**TASK DESCRIPTION**
Without including any images, output the listing below exactly.

**EXERCISE DATA**
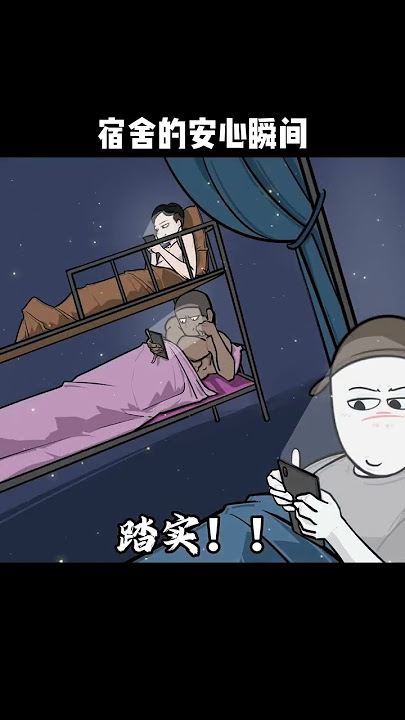 Download lagu This is too down-to-earth. A Tan, a roommate who stays up late.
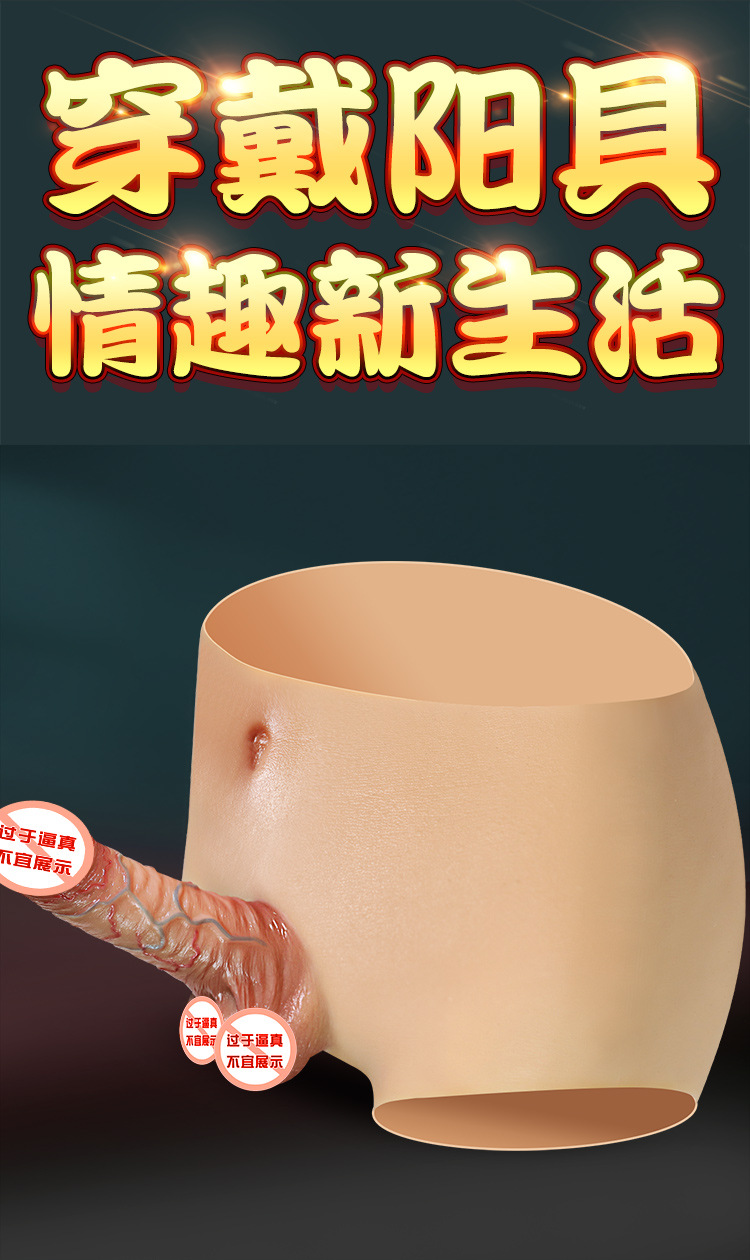 Jiuai Wearable Female Dildo Underwear, Soft Liquid Silicone, Flesh Tone, Adult Strap-on Style — detail image 23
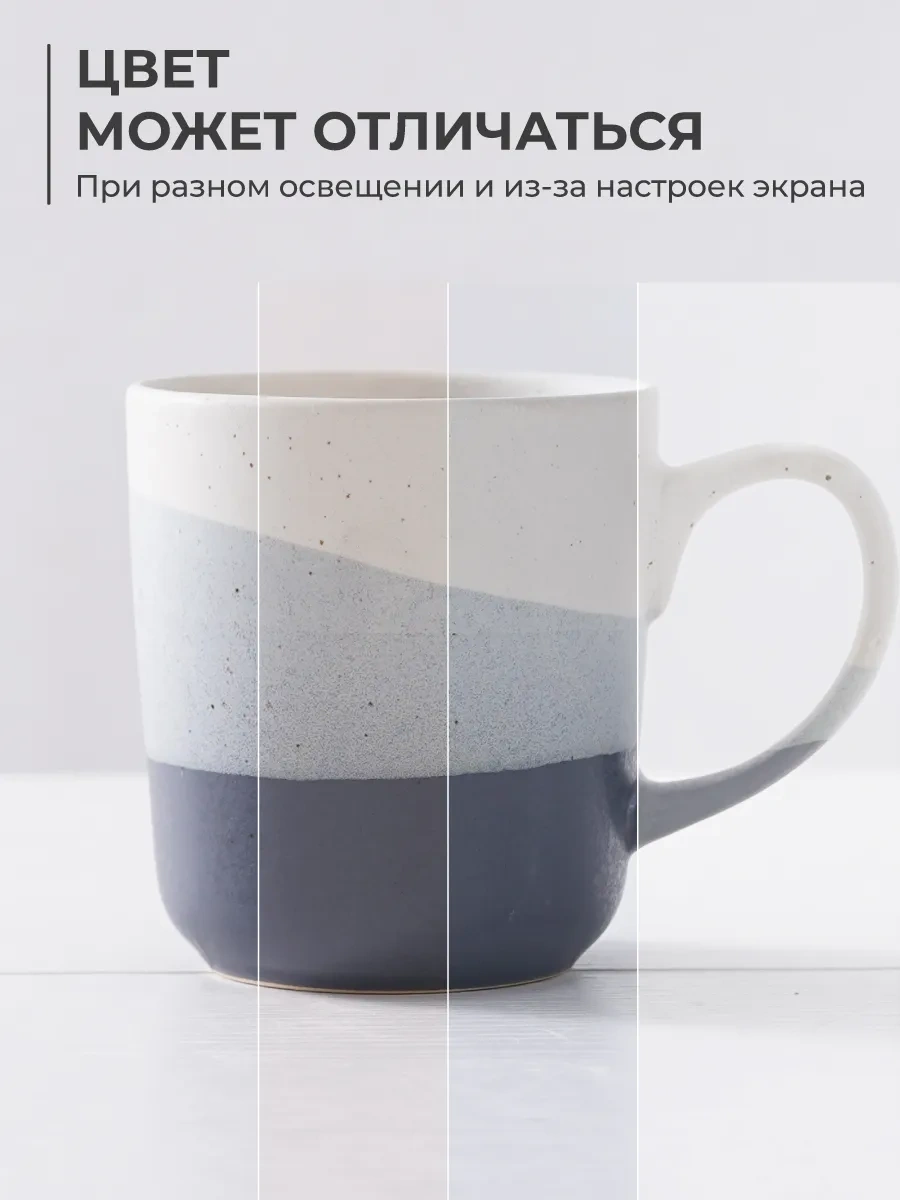 Unifico Arabella Mavi Portakal 450 Ml 4'lü Seramik Bardak Takımı 365237804 Beyaz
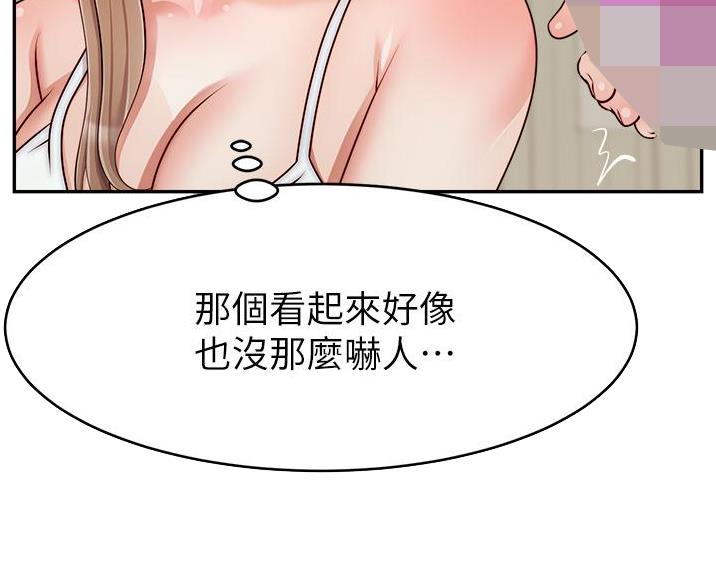 《大学教授的爸爸》第66话 第57页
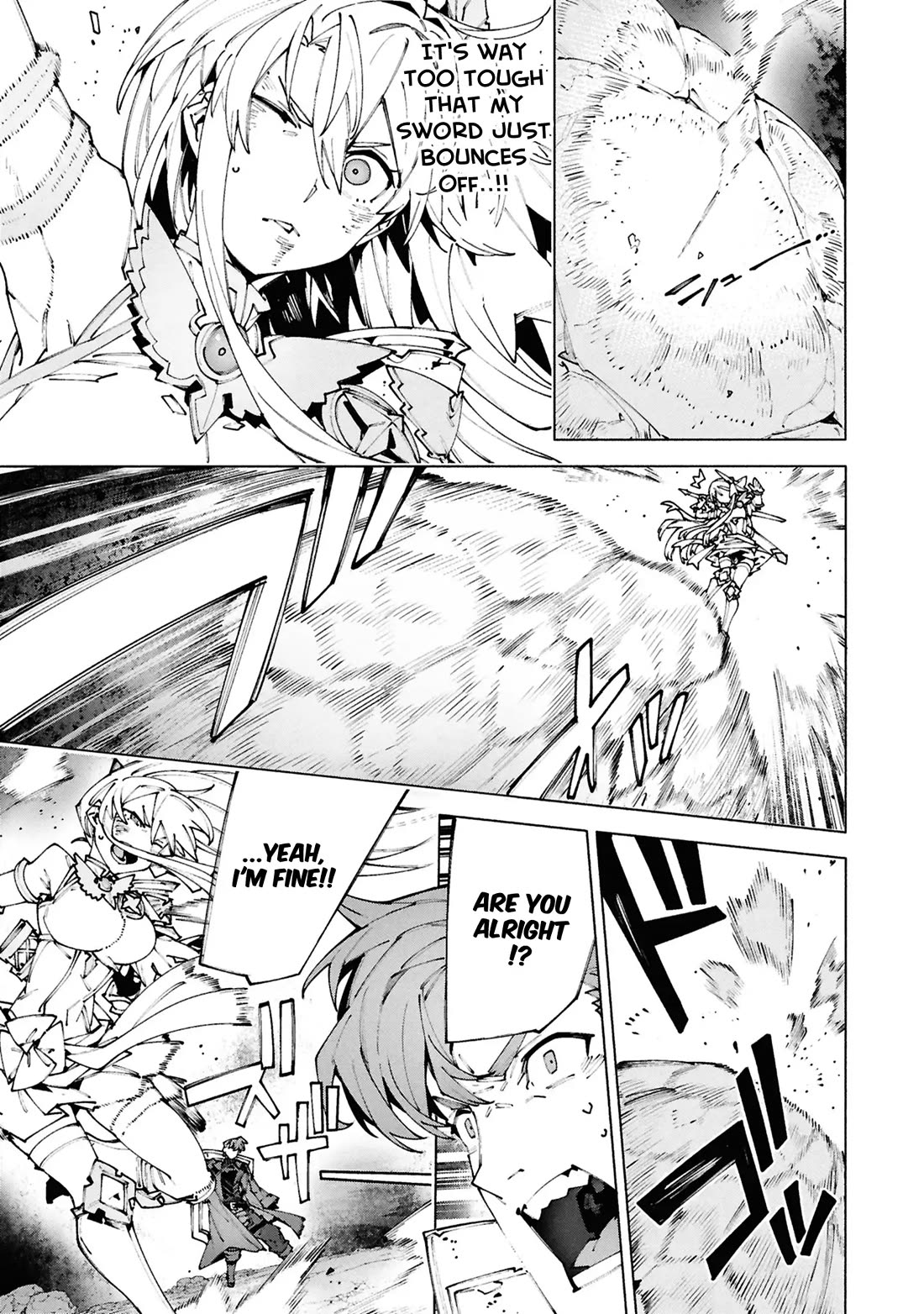 The Path of an S-Class Adventurer: The Exiled Boy Becomes the World's Strongest With His True Ability, "Weapon Master" Chapter 10 page 4 - Chapter 10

**RESULT**
 Download lagu This is too down-to-earth. A Tan, a roommate who stays up late.
 Jiuai Wearable Female Dildo Underwear, Soft Liquid Silicone, Flesh Tone, Adult Strap-on Style — detail image 23
 Unifico Arabella Mavi Portakal 450 Ml 4'lü Seramik Bardak Takımı 365237804 Beyaz
 《大学教授的爸爸》第66话 第57页
 The Path of an S-Class Adventurer: The Exiled Boy Becomes the World's Strongest With His True Ability, "Weapon Master" Chapter 10 page 4 - Chapter 10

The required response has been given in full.